In May 2023, the African Centre of Excellence for Inequality Research (ACEIR) – hosted by the University of Cape Town (UCT) on behalf of the African Research Universities Alliance (ARUA) – marked its fifth year since it was established as one of ARUA’s interdisciplinary research centres of excellence in 13 priority thematic areas that align with the United Nations’ Sustainable Development Goals (SDGs)
In June 2023, it was announced that UCT will co-lead a Cluster of Research Excellence in Inequalities, Poverty and Deprivation (CoRE IPD). This is one of the 17 research clusters launched by ARUA and The Guild of European Research-Intensive Universities (The Guild) to pioneer a new approach to equitable collaboration and capacity building.
The CoRE IPD will be co-led by ACEIR’s director, Professor Murray Leibbrandt, from the Southern Africa Labour and Development Research Unit (SALDRU), with Professor Robert Lensink and the University of Groningen (Netherlands) as The Guild’s co-lead university.
ACEIR’s Ghana partner at the University of Ghana (node led by Professor Robert D Osei from the Institute of Statistical Social and Economic Research) and at the University of Nairobi (Professor Damiano K Manda, Department of Economics and Development Studies) are the other ARUA members of CoRE IPD.

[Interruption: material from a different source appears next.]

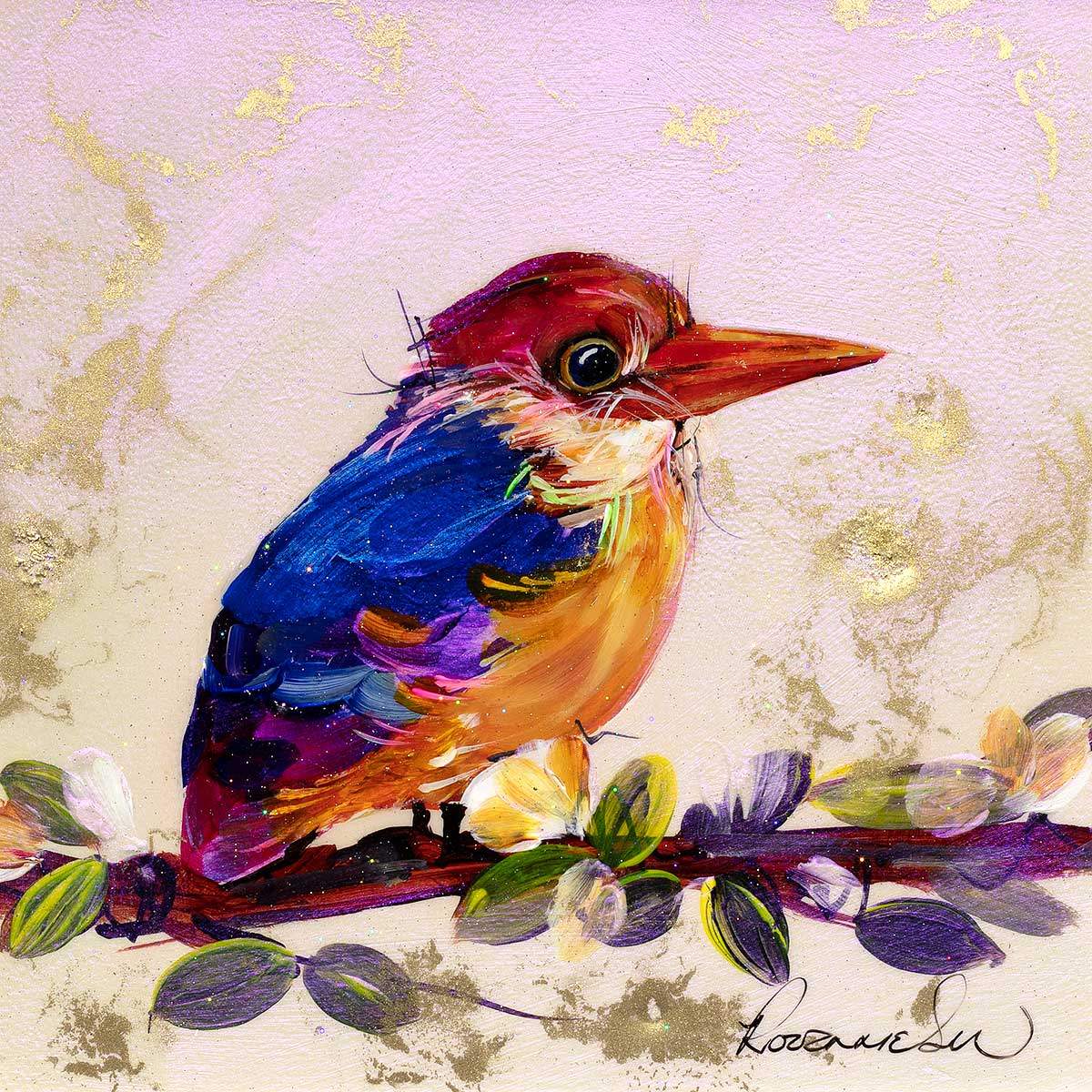 Kingfisher - Original - SOLD by artist Rozanne Bell - Wyecliffe Galleries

The other The Guild universities core partners in CoRE IPD are Aarhus University in Denmark (Professor Daniele Nosenzo and Dr Hanna Fromell) and the University of Gottingen, Germany (Professor Sebastian Vollmer).
Coming from a strong base
UCT’s legacy in poverty and inequality research has a strong foundation in SALDRU’s history that spans almost half a century.

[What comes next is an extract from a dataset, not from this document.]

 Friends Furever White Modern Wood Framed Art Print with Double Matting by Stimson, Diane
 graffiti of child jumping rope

“SALDRU’s founder, the late Professor Francis Wilson, always spoke of making the link between producing quality research as a bedrock for driving processes of evidence-informed policymaking,” explained Professor Leibbrandt.
UCT research initiatives led by SALDRU that followed this approach include UCT’s Poverty & Inequality Initiative at a local level; the Mandela Initiative at a national level; and ACEIR at a pan-African level.

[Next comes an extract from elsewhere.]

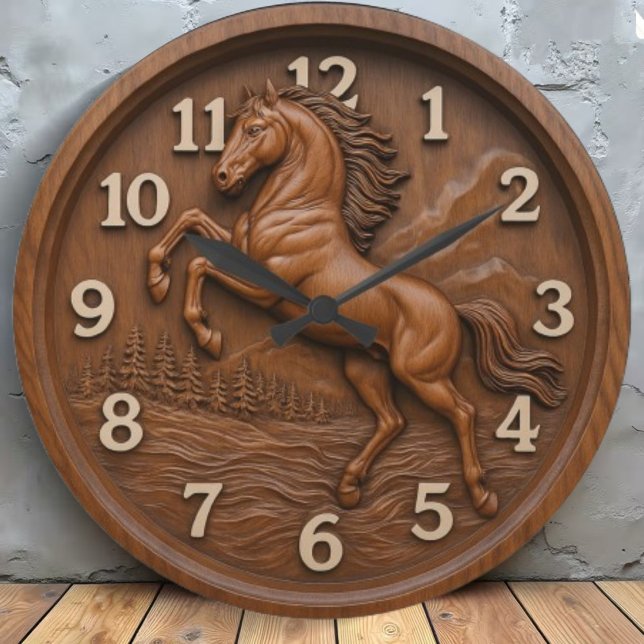Reloj Redondo Grande Wooden horse carved rustic equestrian rustic art (Subido por el creador)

The CoRE IPD is the perfect platform as it brings worldclass expertise from European Union partners to augment what the ACEIR is doing, said Leibbrandt.
“As a partnership, this cluster of research excellence will grow indigenous African research capacity.”
“As a partnership, this cluster of research excellence will grow indigenous African research capacity with a work programme that includes the multidimensional inequalities that are confronted in several of the SDGs and that intersect in perpetuating inequality and poverty.
“The key scientific challenge that this cluster will address is how to reduce inequality so that it reduces poverty and deprivation in Africa. The continent has the largest interregional differences in inequality in the world, with southern African countries among the most unequal globally. This challenge is a common thread running through almost all the SDGs.”
UCT Deputy Vice-Chancellor for Research and Internationalisation Professor Sue Harrison said: “ACEIR has done well in its first five years to establish across its three nodes the strongest pan-African research group working on inequality and poverty.”
She continued: “UCT’s role in the Cluster of Research Excellence in Inequalities, Poverty and Deprivation is aligned with our research and capacity-building agenda, bringing to the partnership among the very strongest researchers and research areas that UCT has to contribute.”
Unprecedented research and capacity building
Leibbrandt said that the cluster differs fundamentally from conventional research cooperations.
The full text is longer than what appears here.